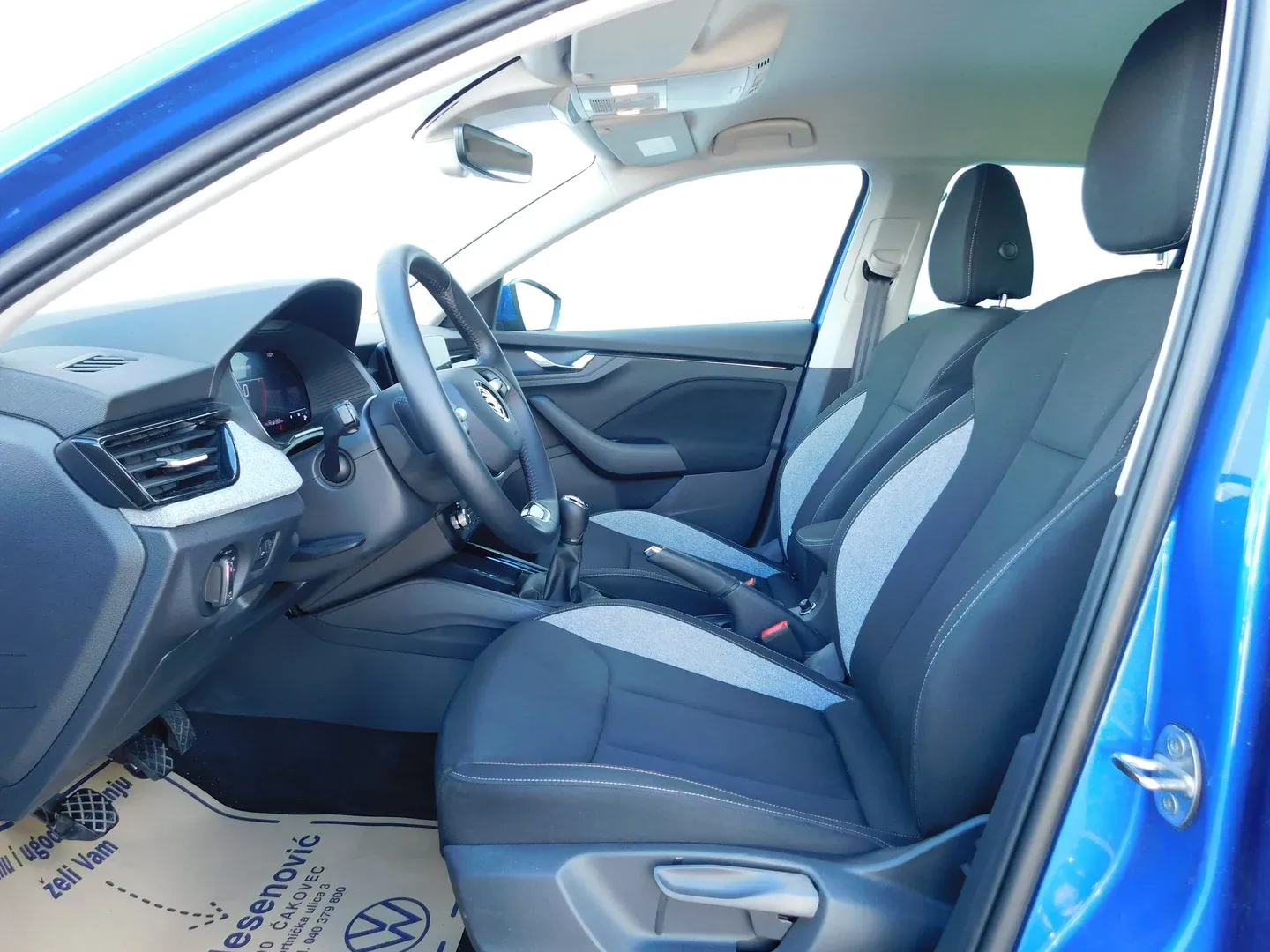 11764 škoda scala fl selection 1.0 tsi - slika 8
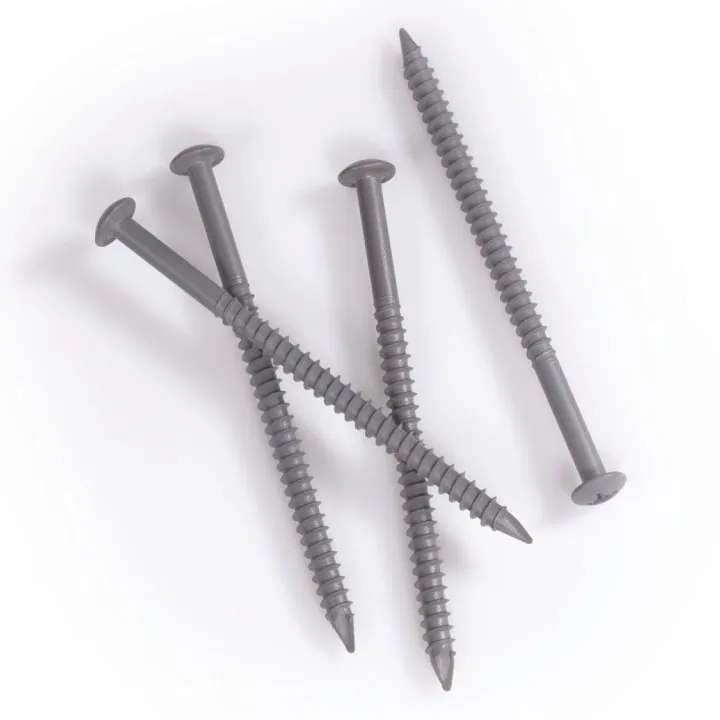 Johns Manville JM All Purpose #3 Phillips Head Fasteners, photo 3 of 3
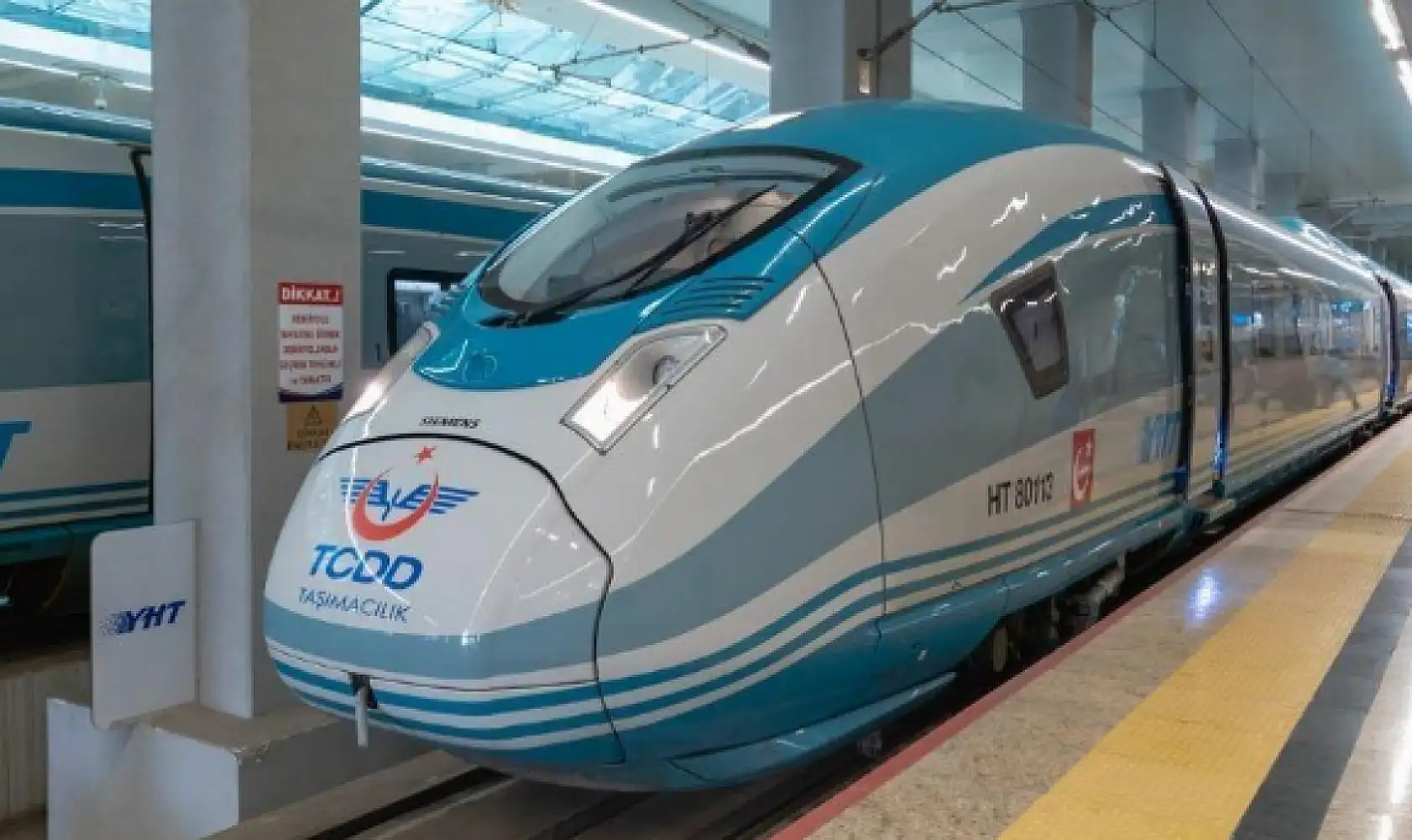 Milli Elektrikli Hızlı Tren 2026'da teste çıkıyor: İlk denemeler Konya çıkışlı olacak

◆ Problem description: Only the lines from the one with "Johns Manville JM" to the end of the listing, both ends included, should be retyped exactly; no pictures belong in the copy.

◆ Solved problem:
 Johns Manville JM All Purpose #3 Phillips Head Fasteners, photo 3 of 3
 Milli Elektrikli Hızlı Tren 2026'da teste çıkıyor: İlk denemeler Konya çıkışlı olacak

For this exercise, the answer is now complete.